| Work task |
Below is a listing; print exactly its lines from the one containing "Citroen C4 Grand" down to the one containing "Nic + Zoe Coat (view 1)", both inclusive, with every picture left out.

Source records: Begin

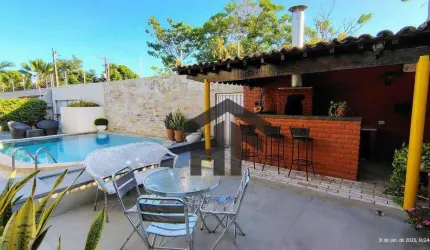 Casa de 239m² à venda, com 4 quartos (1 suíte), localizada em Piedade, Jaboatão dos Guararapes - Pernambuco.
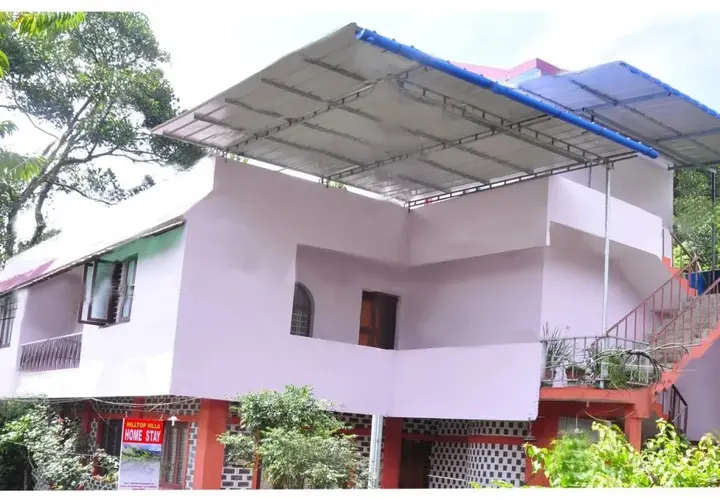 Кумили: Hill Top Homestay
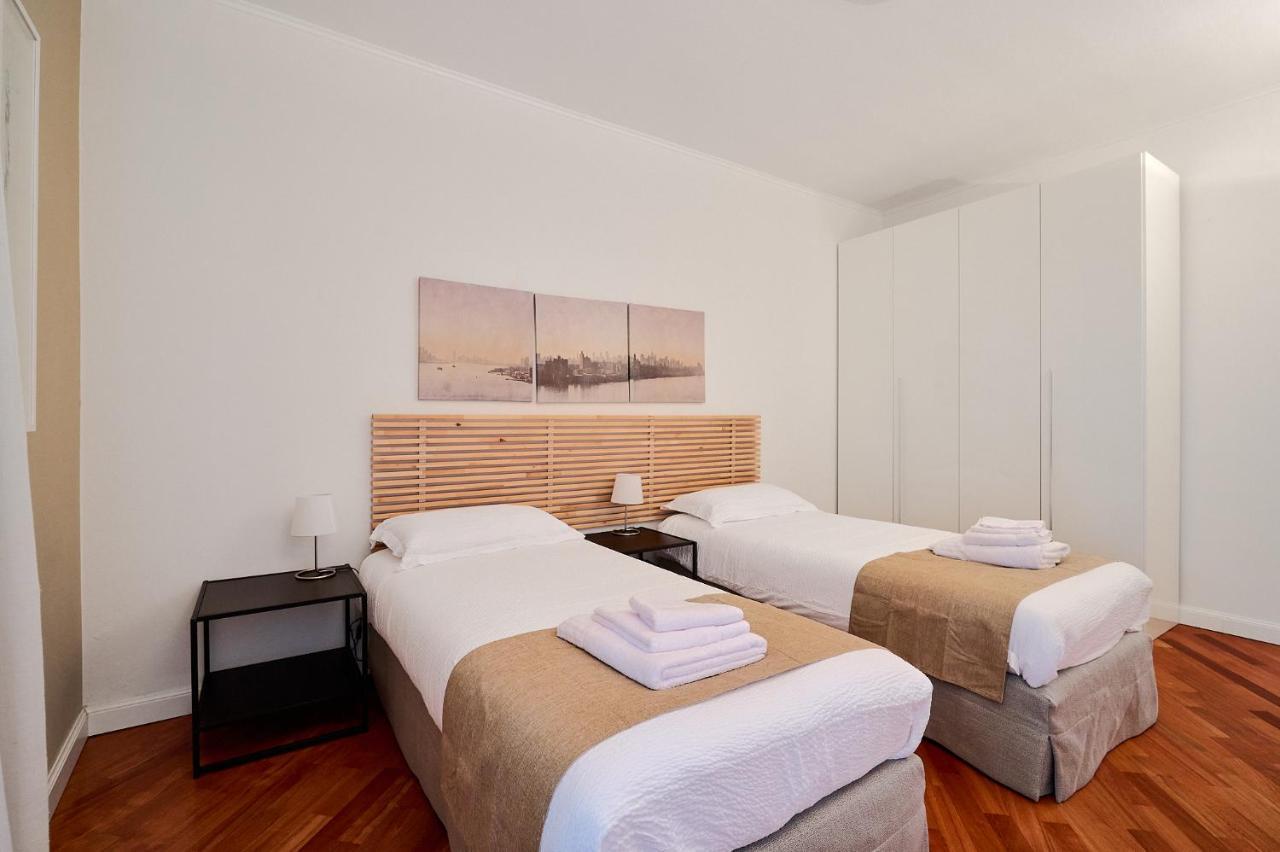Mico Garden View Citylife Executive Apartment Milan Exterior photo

Source records: End
Source records: Begin

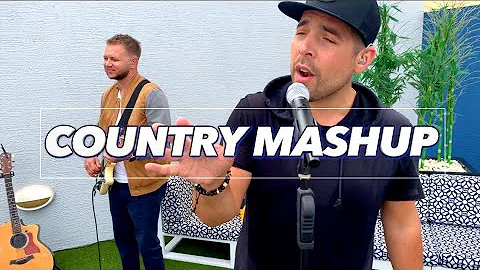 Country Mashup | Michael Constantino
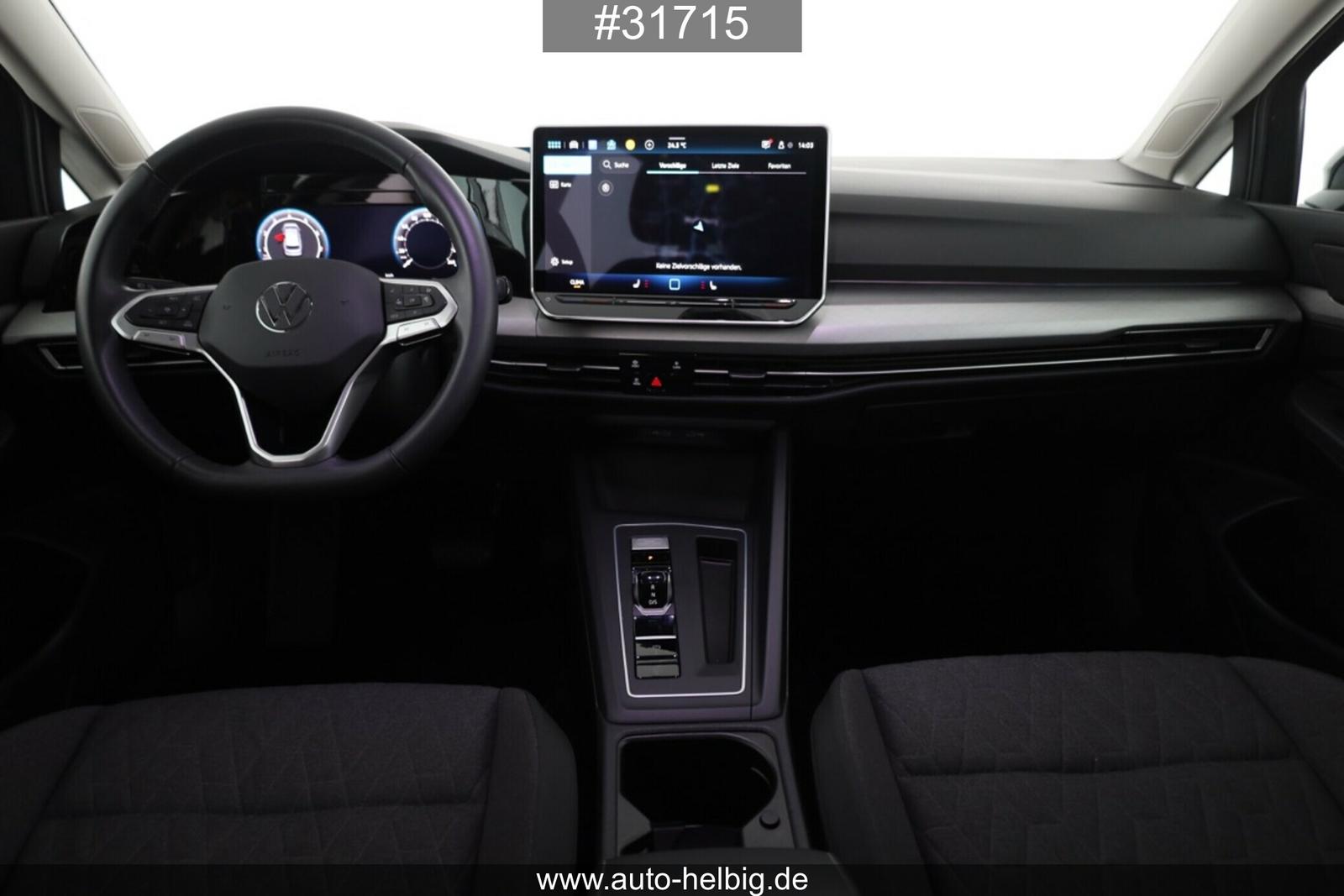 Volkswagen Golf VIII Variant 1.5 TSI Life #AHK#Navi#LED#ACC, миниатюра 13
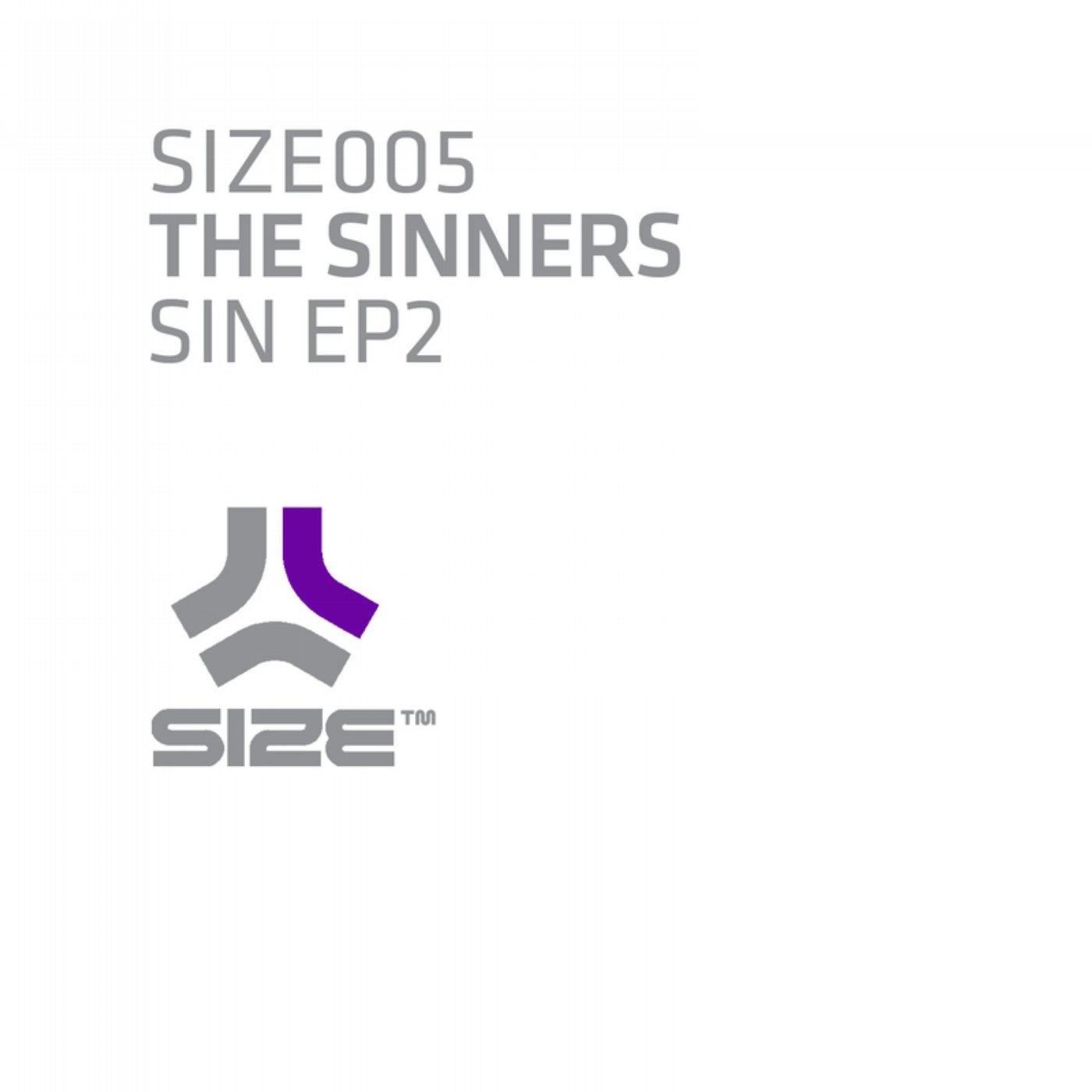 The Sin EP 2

Source records: End
Source records: Begin

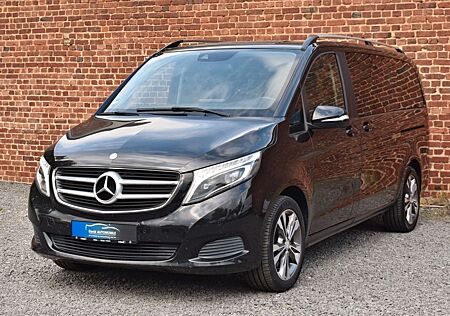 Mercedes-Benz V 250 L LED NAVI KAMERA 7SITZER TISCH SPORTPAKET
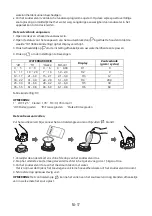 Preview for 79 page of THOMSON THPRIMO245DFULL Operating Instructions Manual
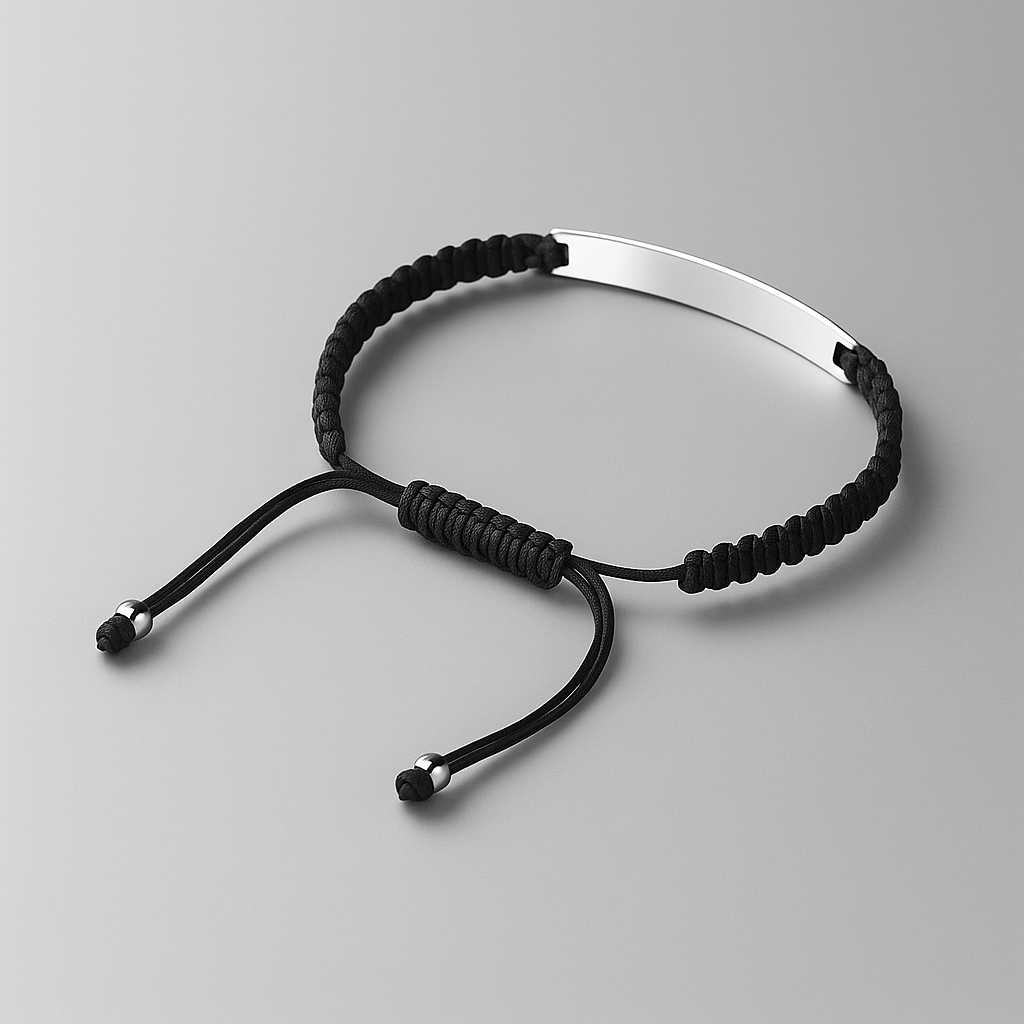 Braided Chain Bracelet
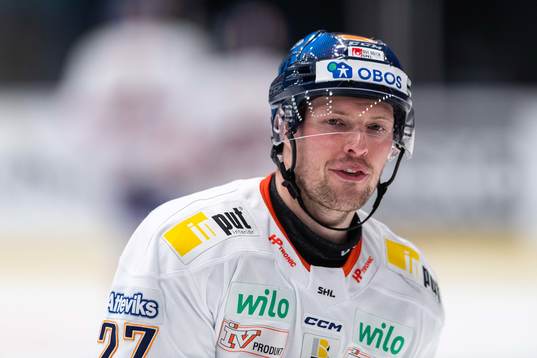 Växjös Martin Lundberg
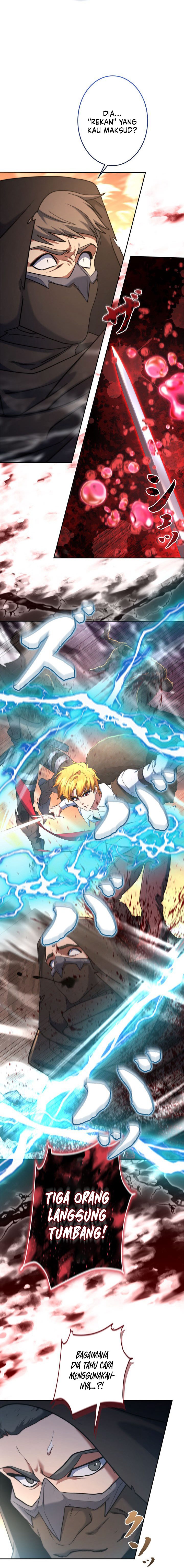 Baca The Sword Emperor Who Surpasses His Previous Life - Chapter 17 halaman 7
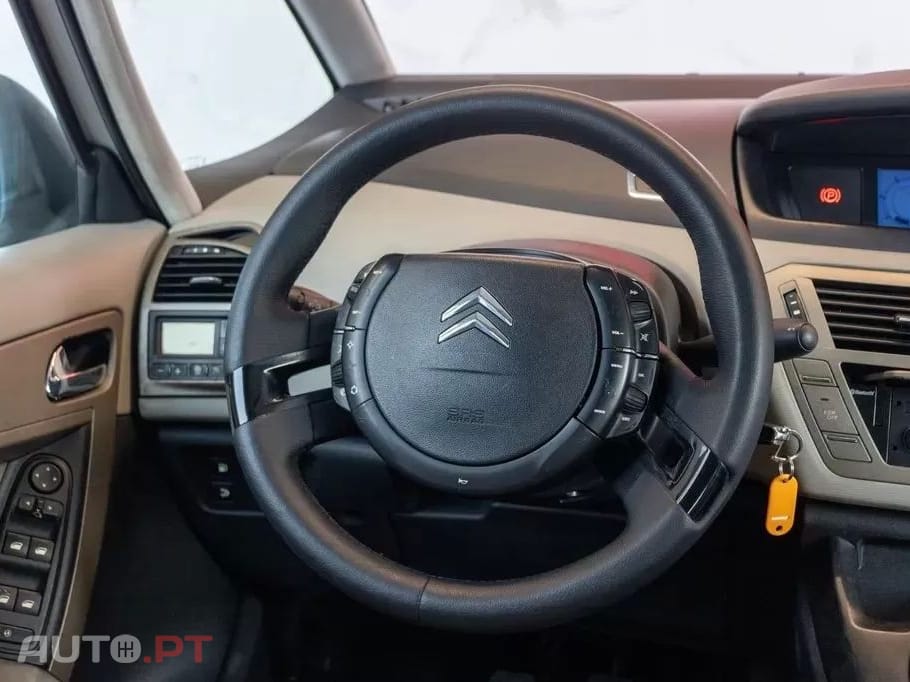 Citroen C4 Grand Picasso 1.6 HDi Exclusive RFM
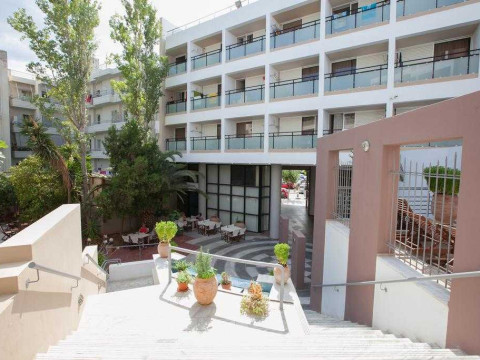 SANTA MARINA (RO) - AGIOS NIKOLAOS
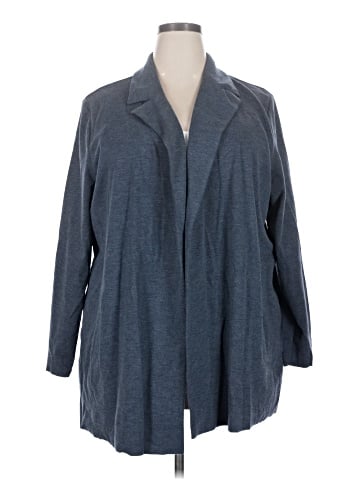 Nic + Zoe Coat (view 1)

Source records: End

| Finished task |
 Citroen C4 Grand Picasso 1.6 HDi Exclusive RFM
 SANTA MARINA (RO) - AGIOS NIKOLAOS
 Nic + Zoe Coat (view 1)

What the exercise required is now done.